→ **To do**: Print each entry word for word without images.

→ **Data for processing**:
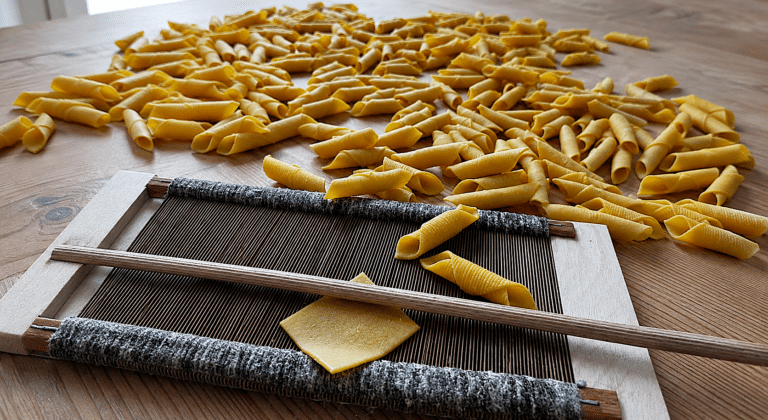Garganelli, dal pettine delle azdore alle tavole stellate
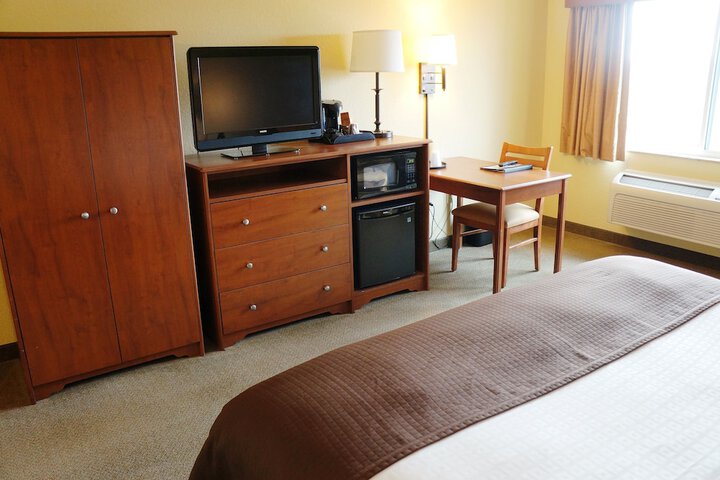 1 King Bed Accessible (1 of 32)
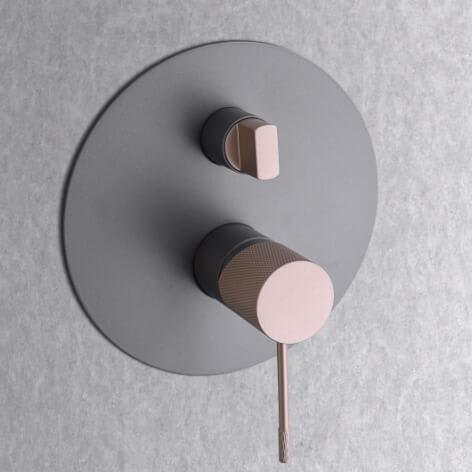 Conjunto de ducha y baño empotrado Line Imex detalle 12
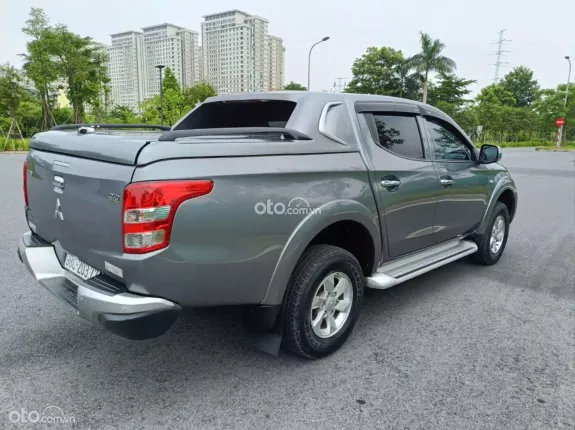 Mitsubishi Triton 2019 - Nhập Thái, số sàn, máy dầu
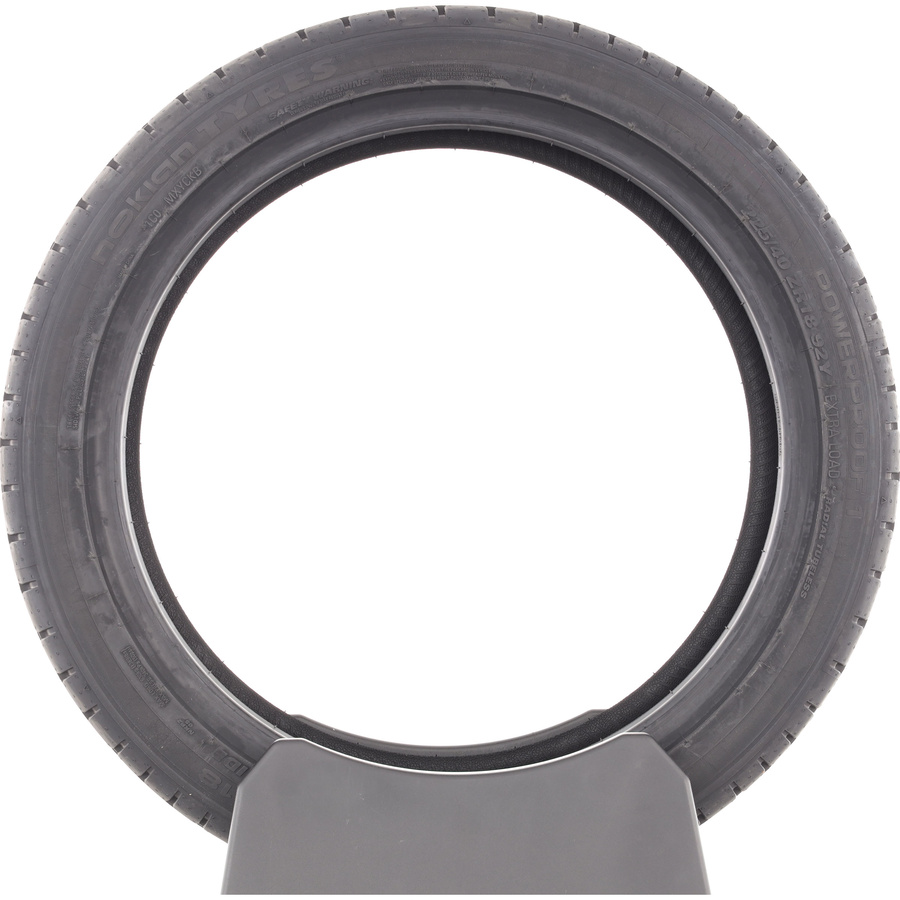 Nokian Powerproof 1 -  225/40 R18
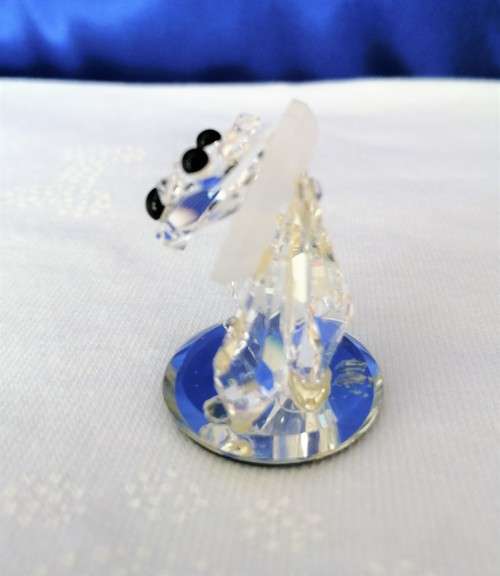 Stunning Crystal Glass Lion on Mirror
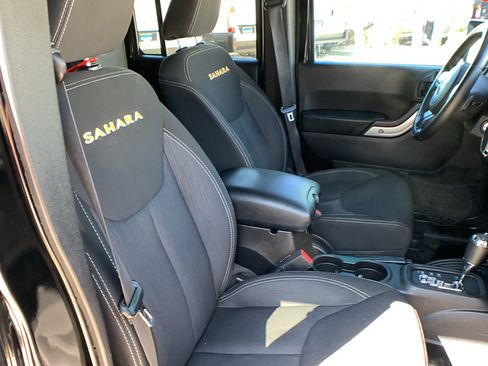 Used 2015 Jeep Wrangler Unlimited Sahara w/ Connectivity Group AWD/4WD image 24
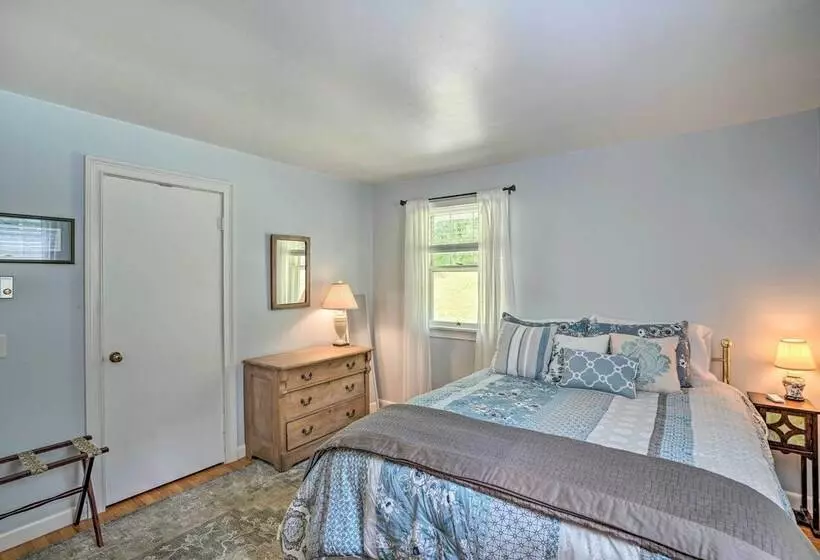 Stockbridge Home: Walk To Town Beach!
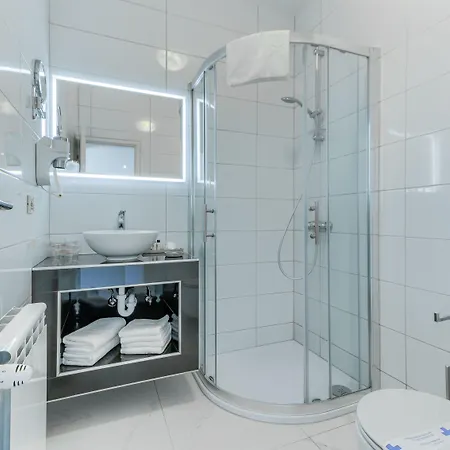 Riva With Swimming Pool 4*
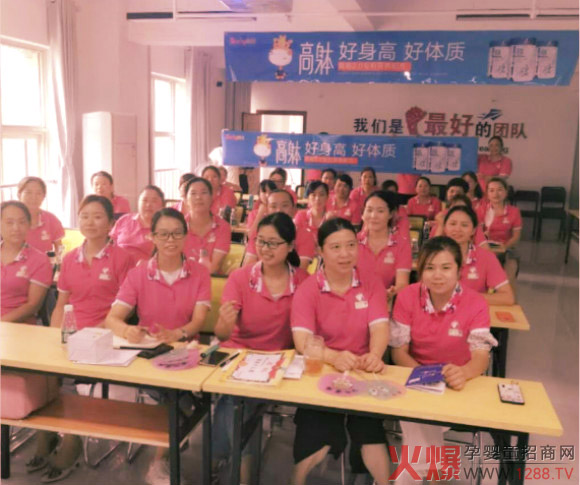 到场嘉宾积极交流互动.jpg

→ **Output for this task**:
Garganelli, dal pettine delle azdore alle tavole stellate
 1 King Bed Accessible (1 of 32)
 Conjunto de ducha y baño empotrado Line Imex detalle 12
 Mitsubishi Triton 2019 - Nhập Thái, số sàn, máy dầu
 Nokian Powerproof 1 -  225/40 R18
 Stunning Crystal Glass Lion on Mirror
 Used 2015 Jeep Wrangler Unlimited Sahara w/ Connectivity Group AWD/4WD image 24
 Stockbridge Home: Walk To Town Beach!
 Riva With Swimming Pool 4*
 到场嘉宾积极交流互动.jpg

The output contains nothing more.